- What is expected
Start with the line that holds "Конверт на выписку зимний для мальчика". Please copy it and each remaining line below exactly, leaving pictures out.

- Data
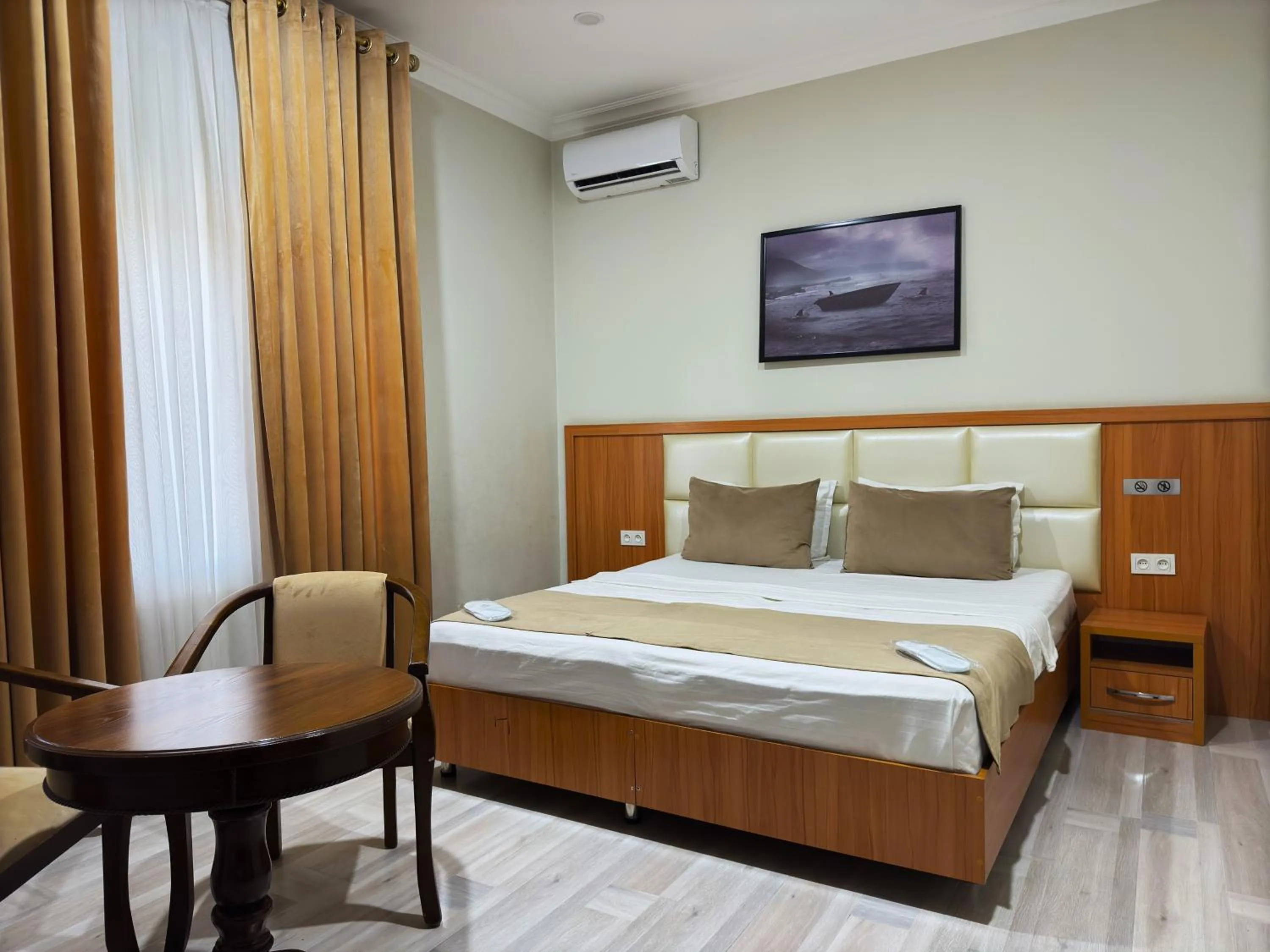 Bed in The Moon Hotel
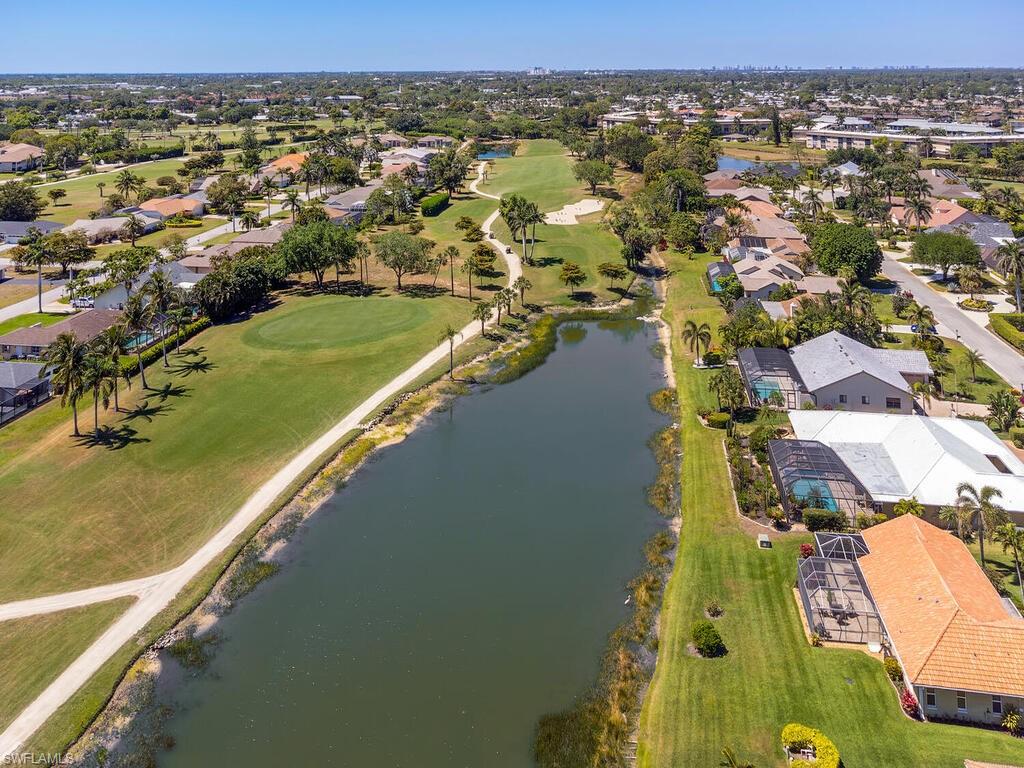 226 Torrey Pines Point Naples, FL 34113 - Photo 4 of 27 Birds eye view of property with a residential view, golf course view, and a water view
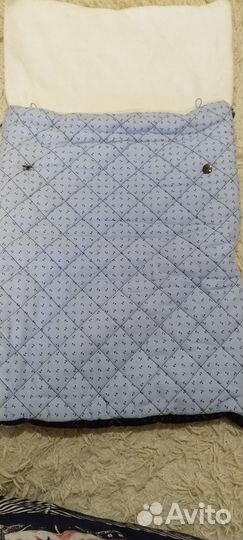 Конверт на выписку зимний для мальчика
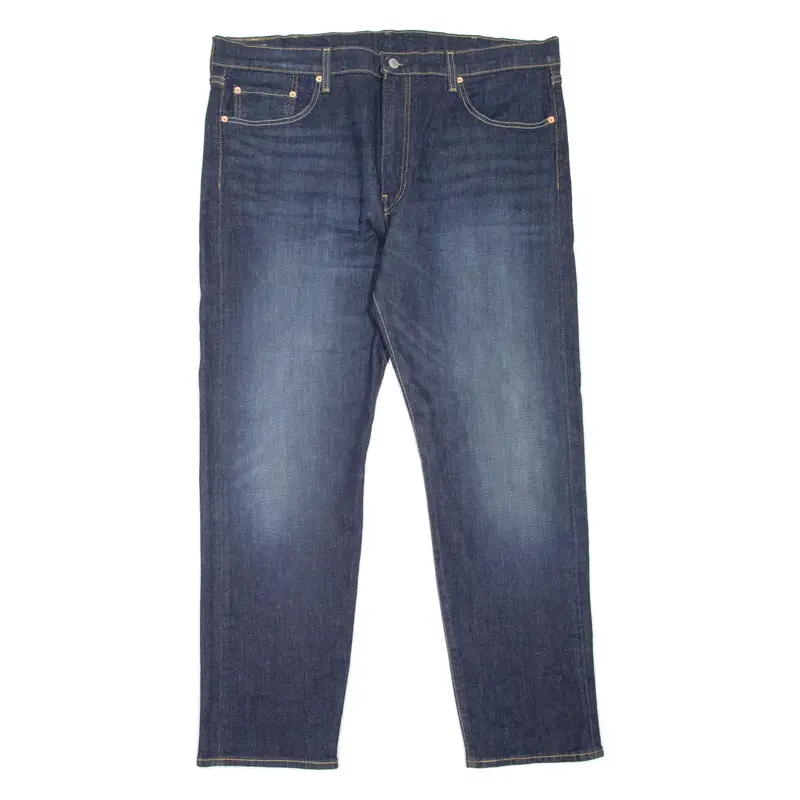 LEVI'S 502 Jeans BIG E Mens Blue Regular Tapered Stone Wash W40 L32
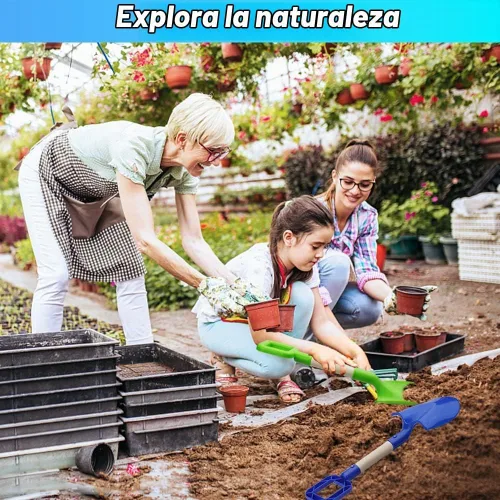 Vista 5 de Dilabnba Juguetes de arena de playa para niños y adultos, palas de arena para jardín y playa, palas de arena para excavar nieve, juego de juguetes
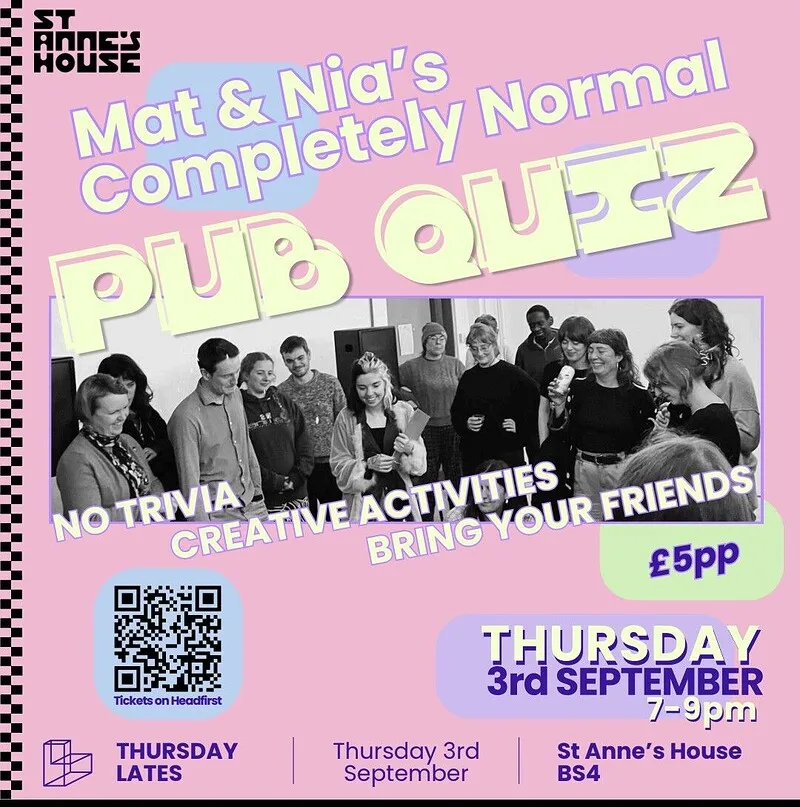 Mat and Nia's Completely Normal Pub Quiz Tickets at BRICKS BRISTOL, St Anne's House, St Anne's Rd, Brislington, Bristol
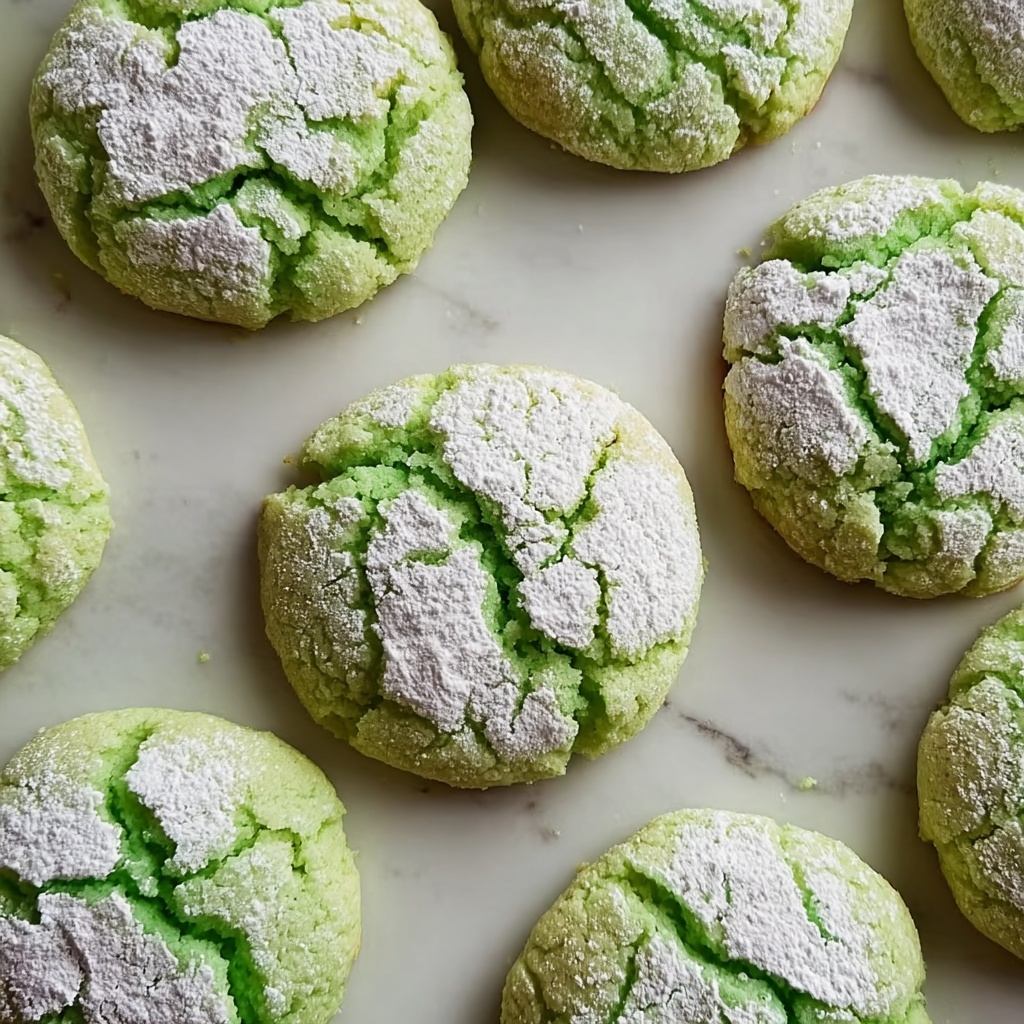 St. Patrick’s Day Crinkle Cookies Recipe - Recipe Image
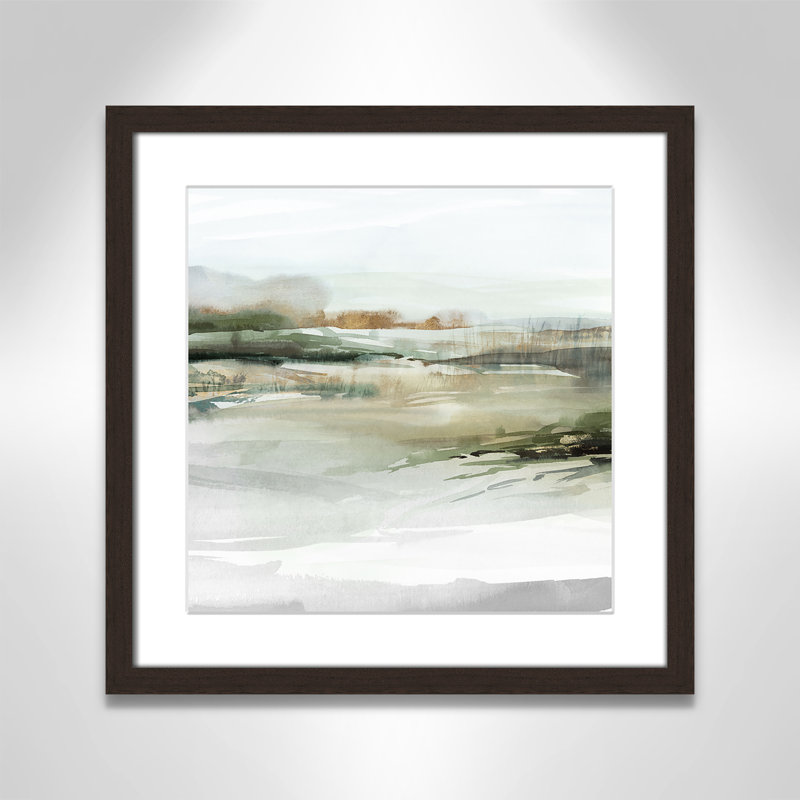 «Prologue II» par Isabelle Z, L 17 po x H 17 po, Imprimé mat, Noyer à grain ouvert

- Exercise response
 Конверт на выписку зимний для мальчика
 LEVI'S 502 Jeans BIG E Mens Blue Regular Tapered Stone Wash W40 L32
 Vista 5 de Dilabnba Juguetes de arena de playa para niños y adultos, palas de arena para jardín y playa, palas de arena para excavar nieve, juego de juguetes
 Mat and Nia's Completely Normal Pub Quiz Tickets at BRICKS BRISTOL, St Anne's House, St Anne's Rd, Brislington, Bristol
 St. Patrick’s Day Crinkle Cookies Recipe - Recipe Image
 «Prologue II» par Isabelle Z, L 17 po x H 17 po, Imprimé mat, Noyer à grain ouvert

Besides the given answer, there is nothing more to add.